Here are some reasons for why I have been incorporating aspects of Yoga into my daily life:

  1. It reduces my anxiety: Concentrating on connecting my breath with movement dramatically reduces my anxiety every time. Even doing a light 20 minute practice improves my mind set.
  2. It helps me focus: Taking in deeper breaths and therefore increasing the oxygen and blood flow to my brain does increase my focus. If I am feeling restless while working from home, I do about 5 minutes of flow (downward facing dog, plank, upwards facing dog, on all fours, child’s pose) to help increase my focus.
  3. It helps me sleep: As it helps reduce my overall stress level, doing some balancing poses and supine poses are good for getting me ready for bed.
  4. It improves my strength and flexibility: This was one of the main reasons why I started to practice in the first place. I wanted to increase my body’s overall strength. Because a strong body harbors a strong mind.
  5. Improves back pain: As I increase my strength and flexibility, I noticed my lower back pain from sitting all day at work and school was significantly improved.

What has been essential for your self care practice?

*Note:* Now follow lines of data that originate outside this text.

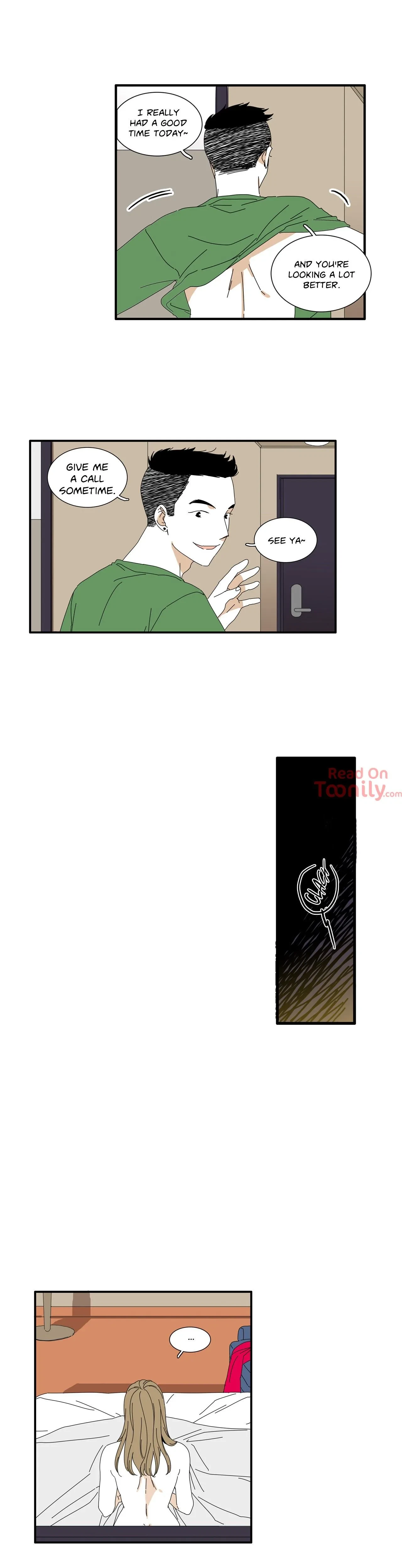 Chapter 18, page 23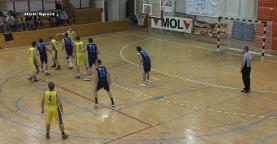 Heti Sport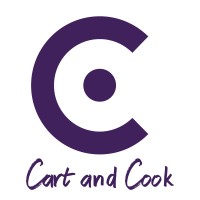 Cart and Cook Logo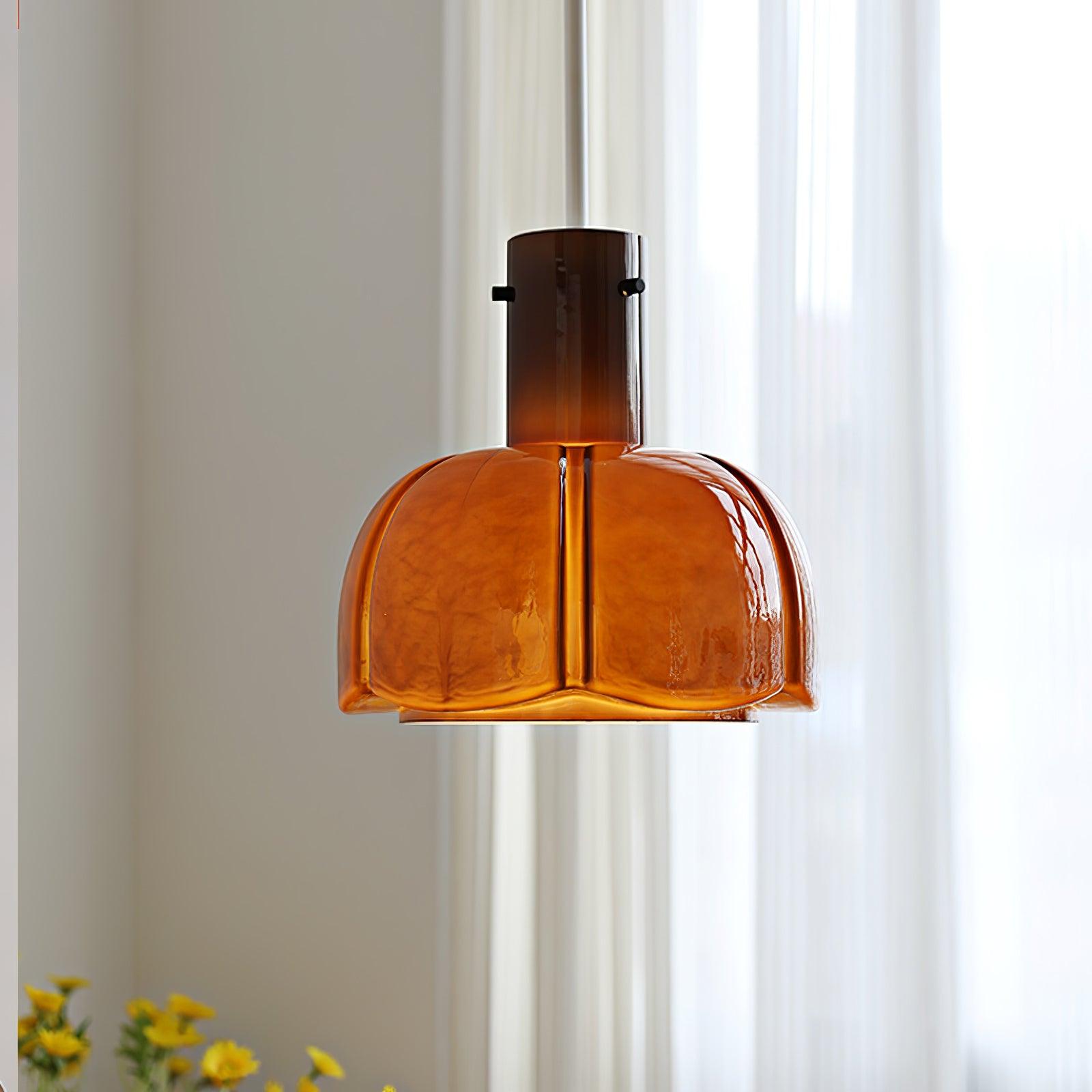 Povos Hanglamp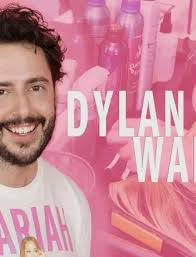 In-Demand Hair Stylist at Topknot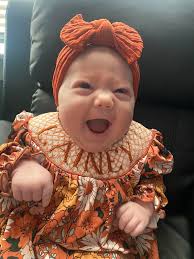 Classic Southern Smocks Back to School Must-Haves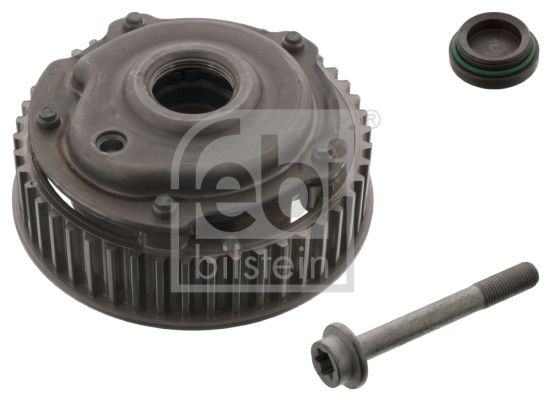 FEBI BILSTEIN 46117 Camshaft Adjuster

Never been more grateful to be able to take care of myself

Though these quarantine times are anything but easy and filled with uncertainty, I am appreciating the amount of time I can spend truly taking care of myself mentally and physically. I don’t feel the need to drink the problems of my day away, and I can interact with only the people I want to (besides my boss that I have to call every once in a while).

I didn’t always feel this way though, with the beginning of my quarantine days feeling lost, full of drinking, and overeating. And though I can’t say I completely kicked the overeating habit, with the help of therapy over the phone I am starting to cope in a healthy way. And I am starting to feel better mentally than I did before the quarantine started.

My routine is a lot less intense than it normally is, and I feel like I have truly gotten the time to reflect over my daily life and how hectic I made it for no reason. I am starting to realize what is important to me other than productivity and what I actually enjoy doing. I have also been giving my brain a much needed break before I start school in the Fall.

Before quarantine, my work was beginning to be a toxic place for me and it was depleting so much of my energy. I had no idea how much time I needed to recover from it and I am starting to realize how much certain environments do not work for me.

I am also starting to realize how slow I need to move in the morning and evenings. I don’t need to go to 6:45am hot yoga for an hour and a half to get my day going. I’ve learned even 20 minutes of at home yoga gives me the same benefits with less headaches.

There has been so much I’ve learned about myself during these times, and I encourage you to do the same. I mean what else do we have to do?